The future energy system is challenged by the intermittent nature of renewables and requires therefore several flexibility options. Still, the interaction between different options, the optimal portfolio and the impact on environment and society are unknown. It is thus the core objective of REFLEX to analyse and evaluate the development towards a low-carbon energy system with focus on flexibility options in the EU to support the implementation of the SET-Plan. As concerns about the adequacy of electricity generation are rising in Europe, decision makers try to support new investments in generating capacities and incentivize demand side flexibility (e.g. demand response or storages). As this process is still ongoing and there exists a broad variety of options, the goal of the EU funded REFLEX project published a paper to provide an up-to-date overview of currently implemented or proposed market design options in European electricity markets and other already established design options outside Europe.

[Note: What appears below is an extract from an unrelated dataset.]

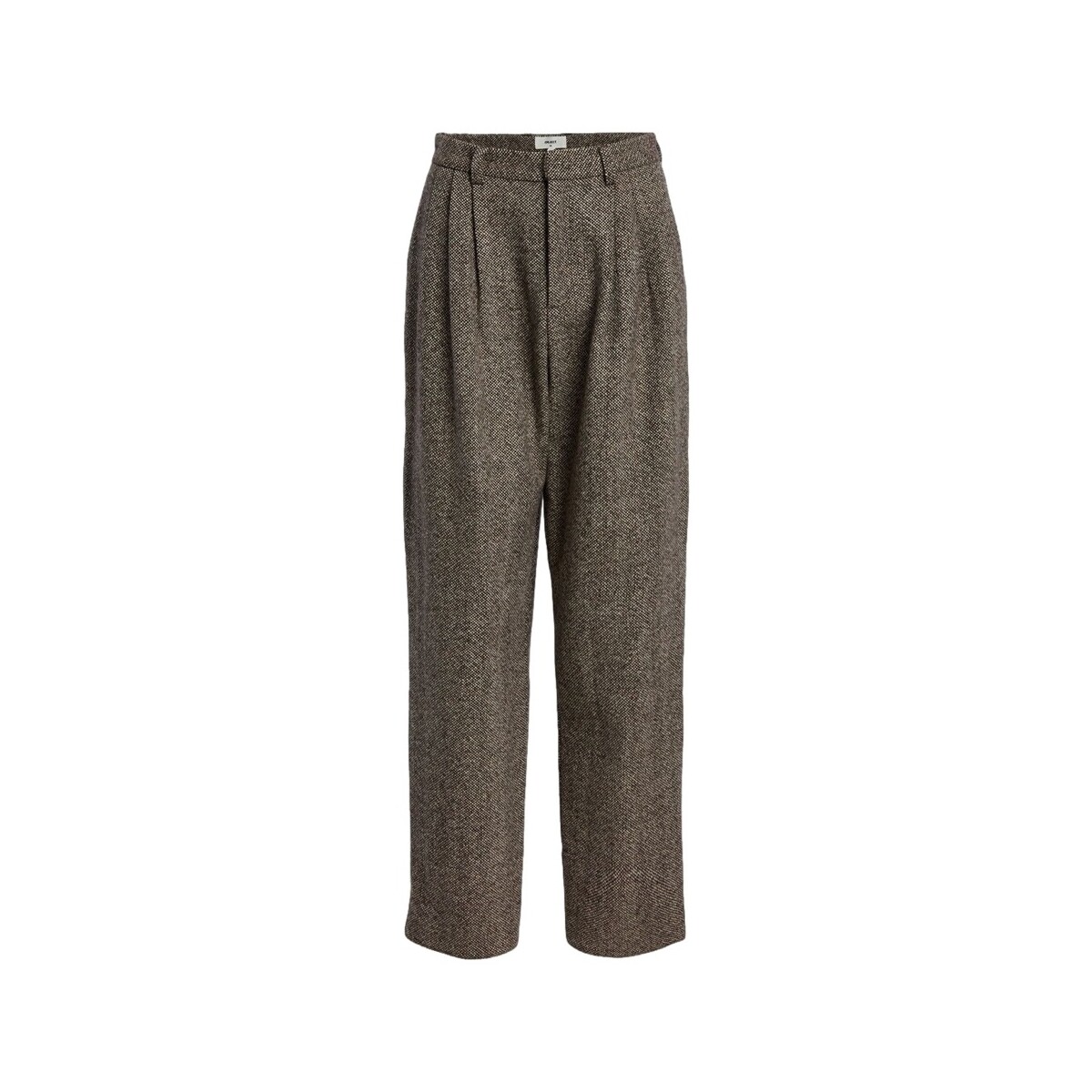 Object  Παντελόνια Object Trousers Camilla - Java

Large shares of volatile energy production from wind power and photovoltaics are challenging the electricity system and lead to decreasing electricity wholesale prices. Due to the meritorder-effect, in hours with electricity feed-in from renewable energy sources wholesale prices decline significantly. Additionally, electricity generation from renewable energy sources leads to fewer full-load hours of conventional power plants. The liberalized market combined with the European market coupling increases the efficient use of generation resources and reduces returns for power generators in times without scarcity. However, returns above variable costs are necessary to cover fixed costs, otherwise, power plants will be decommissioned for economic reasons. But flexible power plants in combination with other flexibility options, such as demand response or storages, are important for ensuring generation adequacy during scarcity situations.